I have reflected on that experience from time to time through the intervening years. Occasionally I have been confronted with opportunities to pursue some venture or activity that seemed to offer the possibility of excitement or adventure. Always when danger or a threat to my physical or spiritual well-being has accompanied these opportunities, I have felt some of the same impressions and warning signals that came to me that day in the mountains of Wyoming. They have not always been as powerful as they were there on the slopes of the Little Big Horn, but they are clear enough that they are not easy to ignore. I have learned that whenever I see “bear tracks,” figuratively speaking, it is wise to check for the warning signals that penetrate one’s conscience. These signals can save us from much heartache and difficulty.
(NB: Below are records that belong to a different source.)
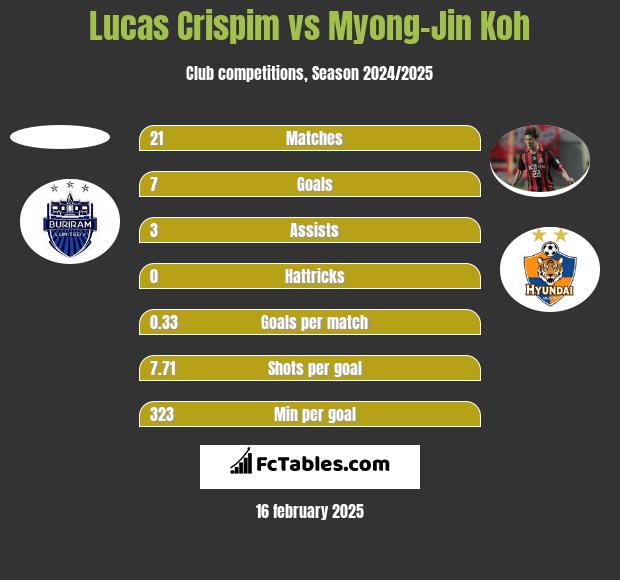 Lucas Crispim vs Myong-Jin Koh h2h player stats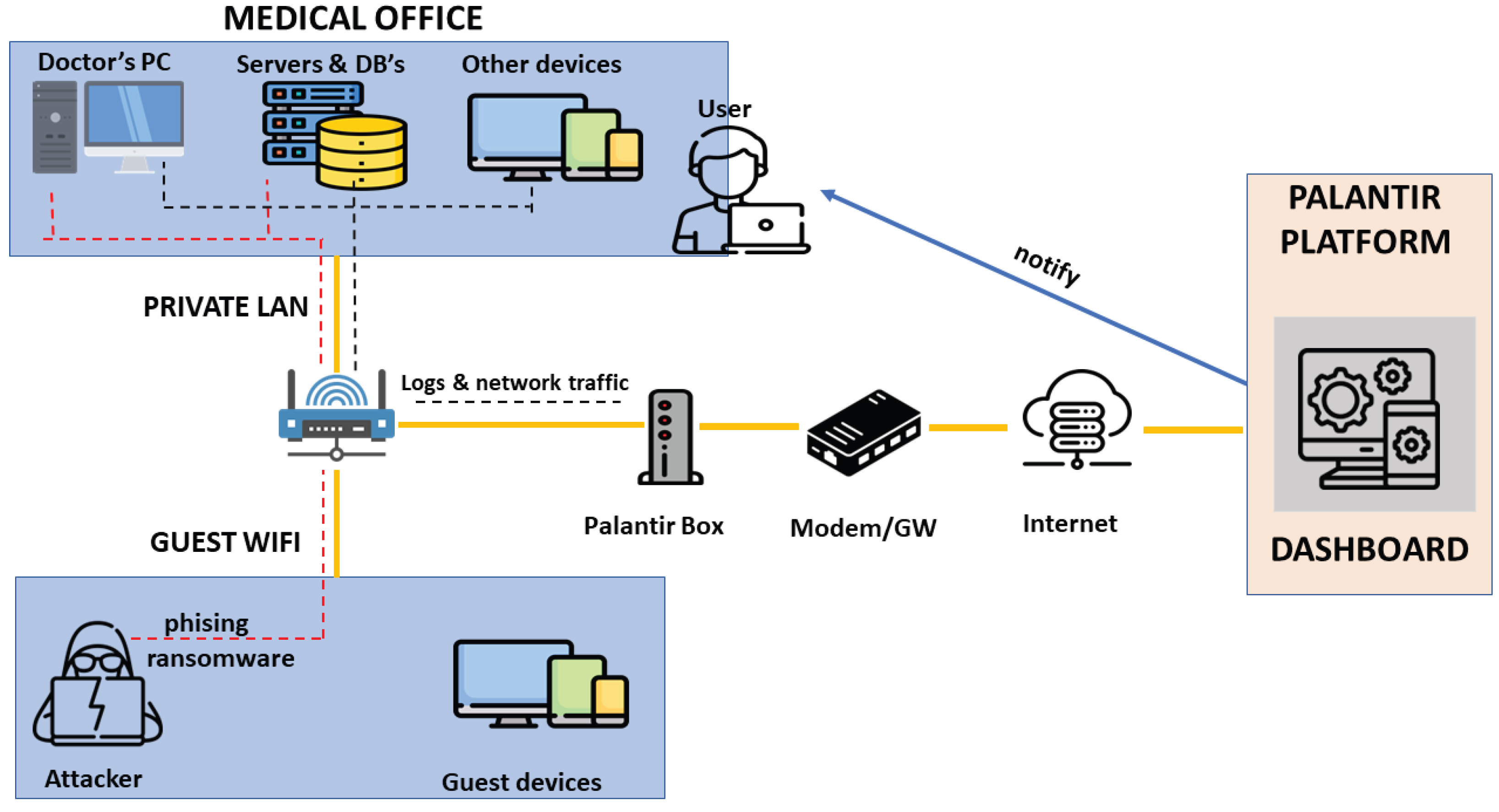 Sensors 23 01658 g006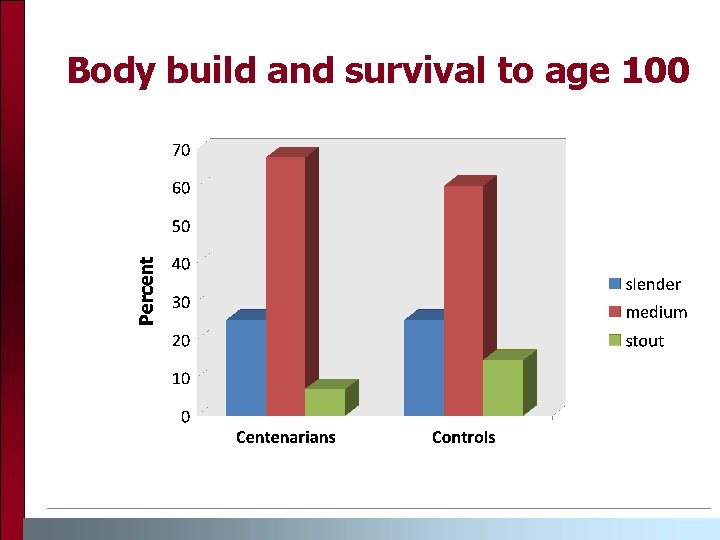 Body build and survival to age 100 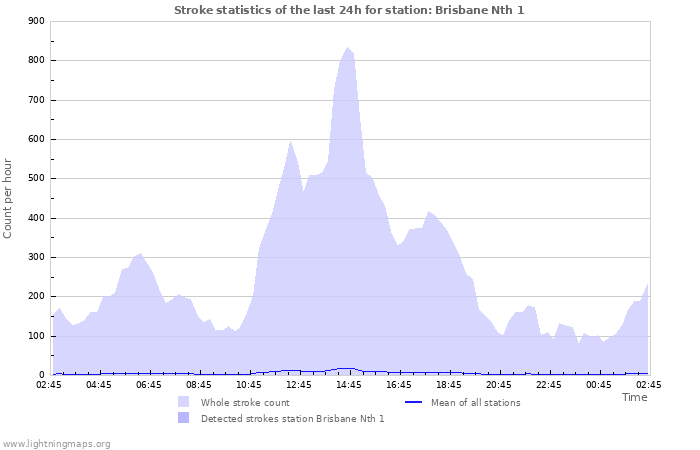 Grafikonok: Stroke statistics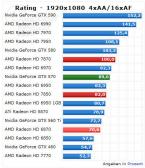 Angehngtes Bild: Rohleistung.jpg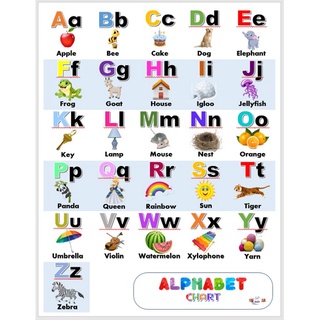 Laminated Chart Alphabet, Educational Laminated chart for kids (size 8. ...
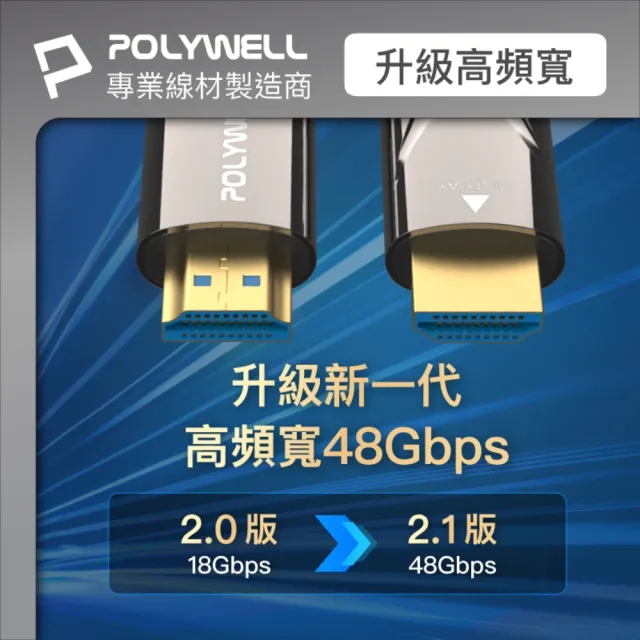 【POLYWELL】HDMI AOC光纖線 2.1版 25M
Young people who face the prospect of growing up and making their way in today’s world will likely encounter many “bear tracks” to entice them into the thickets of worldly excitement and pleasure. These enticements can assume many forms. Some of them can appear at first glance to be relatively harmless and innocent. They can be encountered in almost any setting—even in the sanctuary of our own homes. They can appear in the written word, in newspapers, magazines, and books. Some of them take a graphic form with illustrations or photographs. Some penetrate our thoughts and sensitivities through music, while others use all of the sophistication of modern electronic audio and visual technology, including television and the movies. Sometimes we follow “bear tracks” in the indiscretions we display in our relationships with each other that lead to immoral behavior. Many have followed “bear tracks” into the nightmarish world of drug abuse and addiction.
I remember reading several years ago of a man who had gone into the wilderness area of the state of Montana with a companion on a big game hunt. The hunters came upon a grizzly bear at rather close range, and one of the men fired at the bear and wounded it. In a rage the huge animal charged the hunters. One of them, in panic and in a desperate attempt to save himself, climbed into the lower branches of a small tree close by. The tree was not large enough to support the man’s weight and hold him beyond the reach of the bear’s powerful claws and jaws. Before his companion could destroy the bear, it had inflicted such serious injuries on the hunter that it was necessary to amputate both his legs in order to save his life.
Those who follow the figurative “bear tracks” to which I have alluded earlier must be aware that they inevitably lead to danger. Some of these dangers can be fatal to spirituality and faith; others can cause serious injury to true happiness and self-respect from which it is difficult to recover. Willfully following “bear tracks” can have tragic consequences.
My experience has taught me that the best way to avoid the dangers into which “bear tracks” can lead us is to avoid following them. Respond to the warning signals that come through the promptings of the Holy Spirit; escape to safe ground where we are in control of the situation and where we can merit the protecting and preserving powers that our Heavenly Father has promised to those who will obey him.
As we do this, we will find a security and peace of mind that are more valuable than all of the thrill and excitement that pursuing “bear tracks” could ever bring. In addition, we will be able to continue along the pathway to eternal happiness with confidence that we are eligible for every good blessing that may be necessary to guard us and preserve us from the forces that seek to do us injury and hedge up the way.